An option to select the RAID Stripe size is made
available in the BTRFS Filesystem, via an option
in the BTRFS Config setup, with minimal change
to the existing code base.
Signed-off-by: Sanidhya Solanki <[email protected]>
---
fs/btrfs/Kconfig | 42 ++++++++++++++++++++++++++++++++++++++++++
fs/btrfs/Makefile | 2 ++
fs/btrfs/scrub.c | 4 ++++
fs/btrfs/super.c | 4 ++++
fs/btrfs/volumes.c | 2 +-
fs/btrfs/volumes.h | 4 +++-
6 files changed, 56 insertions(+), 2 deletions(-)

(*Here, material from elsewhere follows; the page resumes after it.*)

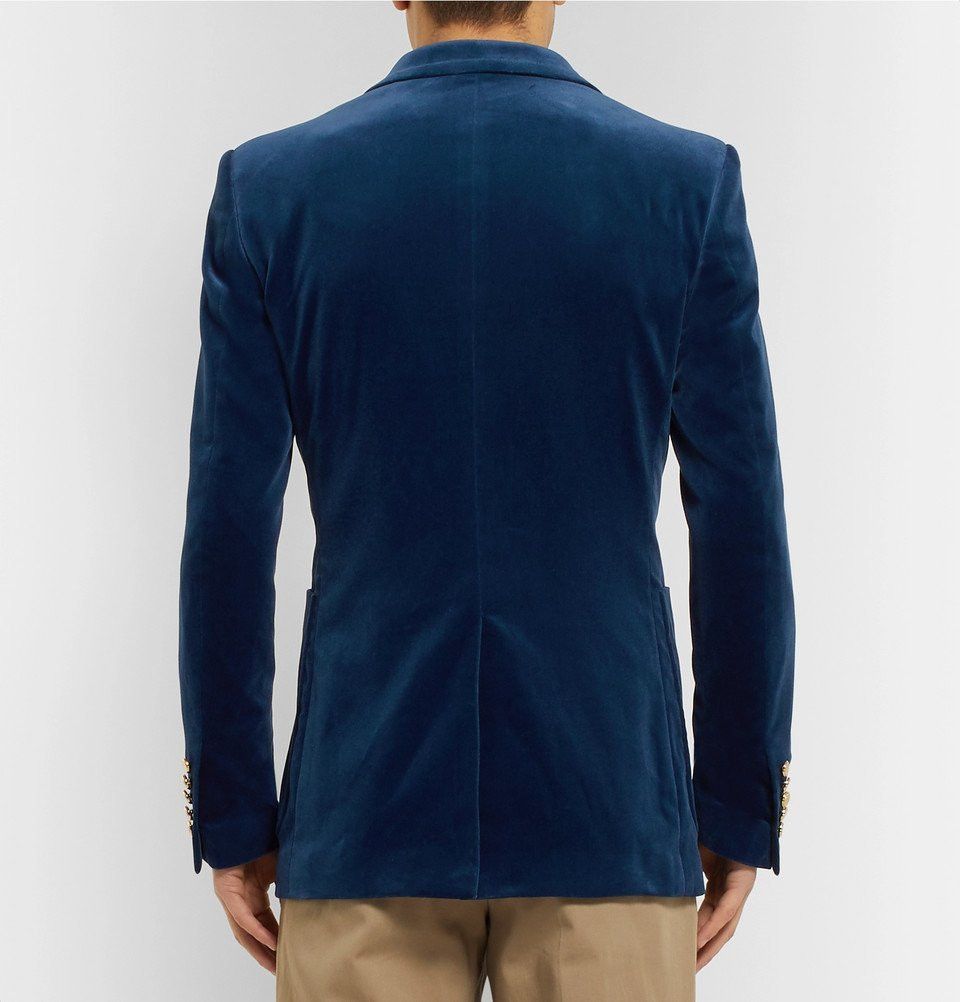 Gucci oc11z1025 Slim-Fit Cotton-Blend Velvet Blazer in Blue Size US L / EU 52-54 / 3 - 4 Thumbnail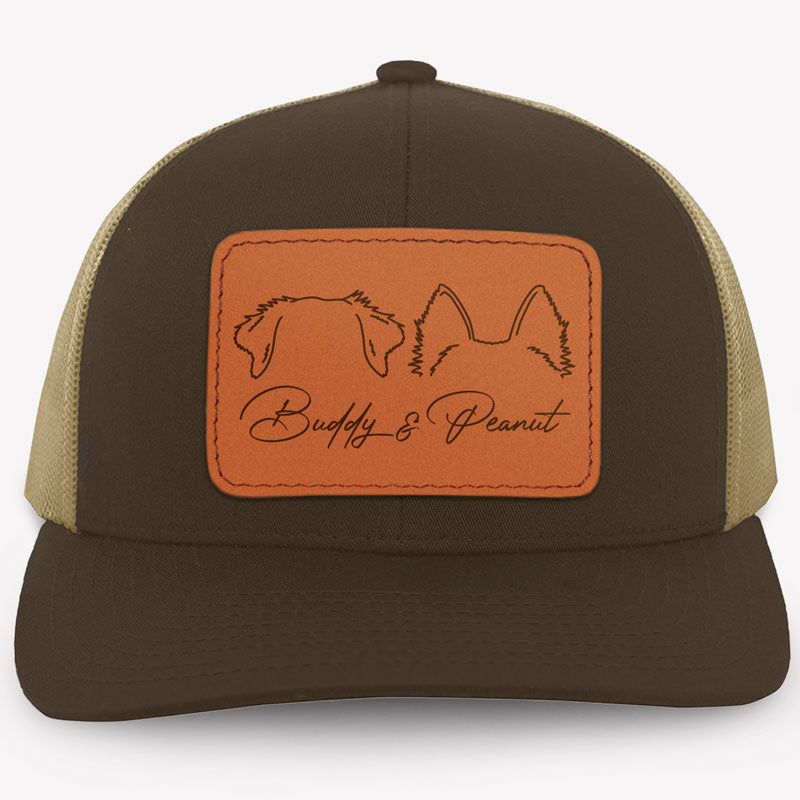 Dog Ears Outline Drawing, Personalized Trucker Leather Patch Hat, Custom Photo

diff --git a/fs/btrfs/Kconfig b/fs/btrfs/Kconfig
index 80e9c18..1454d21 100644
--- a/fs/btrfs/Kconfig
+++ b/fs/btrfs/Kconfig
@@ -28,6 +28,48 @@ config BTRFS_FS
If unsure, say N.
+choice
+ prompt "Choose Stripe Size"
+ default RS_1024
+ help
+ Allows you to select the size of the stripe, which is the smallest sized
+ data block to be replicated.
+ Selecting a larger size than your physical block size may lead to data
+ fragmentation in some cases.
+
+ config RS_512
+ bool "512 bytes"
+
+ config RS_1024
+ bool "1024 bytes"
+
+ config RS_2048
+ bool "2048 bytes"
+
+ config RS_4096
+ bool "4096 bytes"
+
+ config RS_8192
+ bool "8192 bytes"
+
+ config RS_16384
+ bool "16384 bytes"
+
+ config RS_32768
+ bool "32768 bytes"
+
+endchoice
+
+config BTRFS_RAID_STRIPE
+ int
+ default 512 if RS_512
+ default 1024 if RS_1024
+ default 2048 if RS_2048
+ default 4096 if RS_4096
+ default 8192 if RS_8192
+ default 16384 if RS_16384
+ default 32768 if RS_32768
+
config BTRFS_FS_POSIX_ACL
bool "Btrfs POSIX Access Control Lists"
depends on BTRFS_FS
diff --git a/fs/btrfs/Makefile b/fs/btrfs/Makefile
index 6d1d0b9..1c4e384 100644
--- a/fs/btrfs/Makefile
+++ b/fs/btrfs/Makefile
@@ -17,3 +17,5 @@ btrfs-$(CONFIG_BTRFS_FS_CHECK_INTEGRITY) += check-integrity.o
btrfs-$(CONFIG_BTRFS_FS_RUN_SANITY_TESTS) += tests/free-space-tests.o \
tests/extent-buffer-tests.o tests/btrfs-tests.o \
tests/extent-io-tests.o tests/inode-tests.o tests/qgroup-tests.o
+
+btrfs-$(CONFIG_BTRFS_RAID_STRIPE) += scrub.o super.o volumes.o
diff --git a/fs/btrfs/scrub.c b/fs/btrfs/scrub.c
index b091d94..4d0f802 100644
--- a/fs/btrfs/scrub.c
+++ b/fs/btrfs/scrub.c
@@ -63,6 +63,10 @@ struct scrub_ctx;
*/
#define SCRUB_MAX_PAGES_PER_BLOCK 16 /* 64k per node/leaf/sector */
+#define STRIPE_LENGTH CONFIG_BTRFS_RAID_STRIPE
+
+#define BTRFS_STRIPE_LEN (64 * STRIPE_LENGTH)
+
struct scrub_recover {
atomic_t refs;
struct btrfs_bio *bbio;
diff --git a/fs/btrfs/super.c b/fs/btrfs/super.c
index 24154e4..3d91f8d 100644
--- a/fs/btrfs/super.c
+++ b/fs/btrfs/super.c
@@ -64,6 +64,10 @@
#define CREATE_TRACE_POINTS
#include <trace/events/btrfs.h>
+#define STRIPE_LENGTH CONFIG_BTRFS_RAID_STRIPE
+
+#define BTRFS_STRIPE_LEN (64 * STRIPE_LENGTH)
+
static const struct super_operations btrfs_super_ops;
static struct file_system_type btrfs_fs_type;
diff --git a/fs/btrfs/volumes.c b/fs/btrfs/volumes.c
index 4564522..e1b2e5c 100644
--- a/fs/btrfs/volumes.c
+++ b/fs/btrfs/volumes.c
@@ -4461,7 +4461,7 @@ static int btrfs_cmp_device_info(const void *a, const void *b)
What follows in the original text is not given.